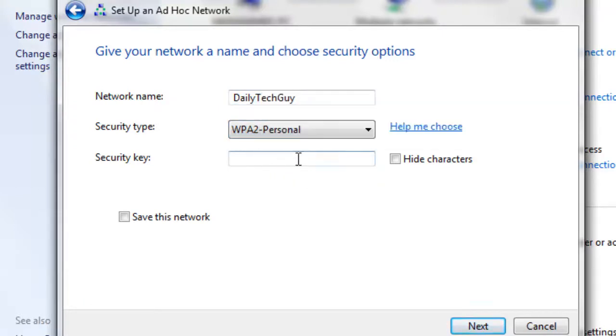For your security key, give it anything you like, but you must include a capital letter, a small letter, and a number.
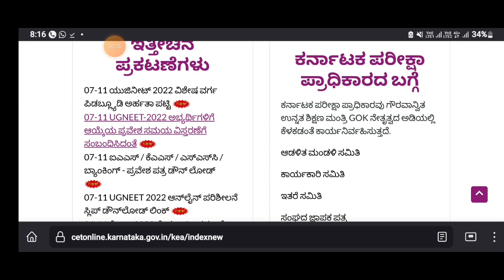Here you can use the SEAT option to check and see the SEAT option for you. We have a schedule announcement.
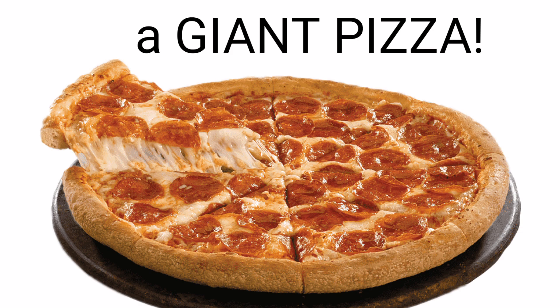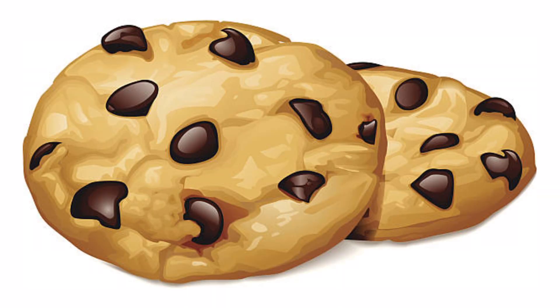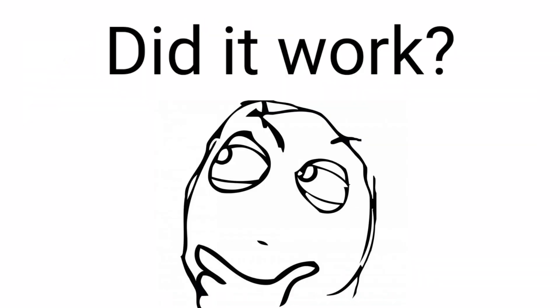Hey you. Yes, you. If you close your mouth right now, I will give you a giant pizza. No? How about some cookies? Did it work?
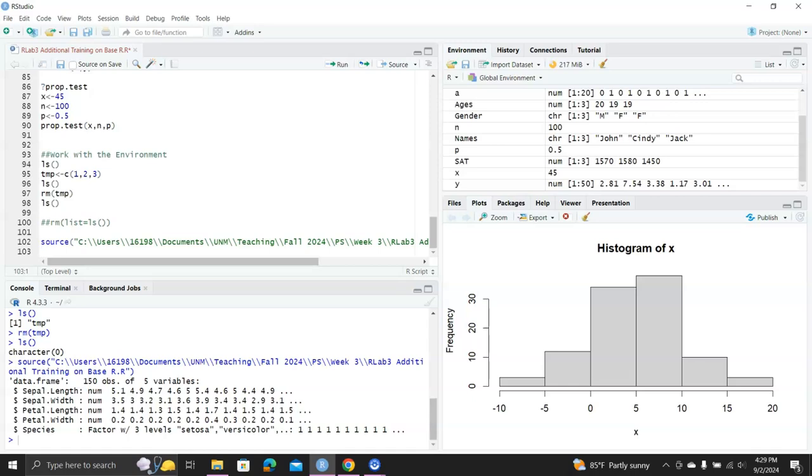And then, yeah, this is really the source command you can use to run large R scripts. Okay, I hope this is helpful. Thank you so much.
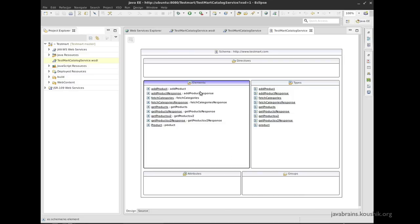So these are a couple of tools that come with Eclipse. They're very handy when you're working with large WSDLs, which have a lot of XML content. So you can actually browse through them fairly easy.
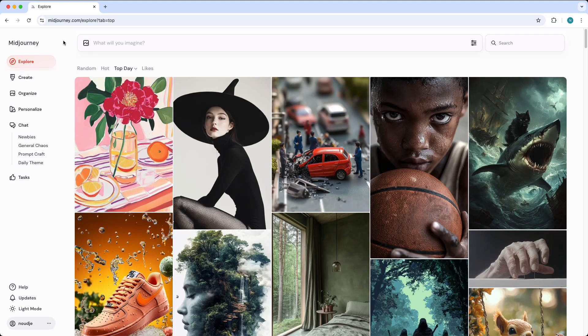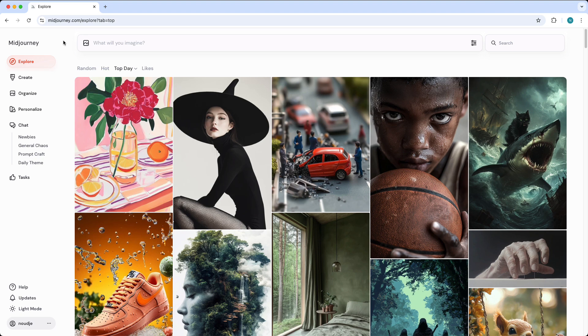In this video I will show you how you can use Midjourney without other people seeing your image generations. Now this is actually a very simple and easy fix, so let's get started.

# # # # #

Work item ▸ Where pictures appear, drop them, and reproduce exactly only the lines running from the beginning of the data to the line that contains "So these are", inclusive.

Solution ▸
For your security key, give it anything you like, but you must include a capital letter, a small letter, and a number.
Here you can use the SEAT option to check and see the SEAT option for you. We have a schedule announcement.
Hey you. Yes, you. If you close your mouth right now, I will give you a giant pizza. No? How about some cookies? Did it work?
And then, yeah, this is really the source command you can use to run large R scripts. Okay, I hope this is helpful. Thank you so much.
So these are a couple of tools that come with Eclipse. They're very handy when you're working with large WSDLs, which have a lot of XML content. So you can actually browse through them fairly easy.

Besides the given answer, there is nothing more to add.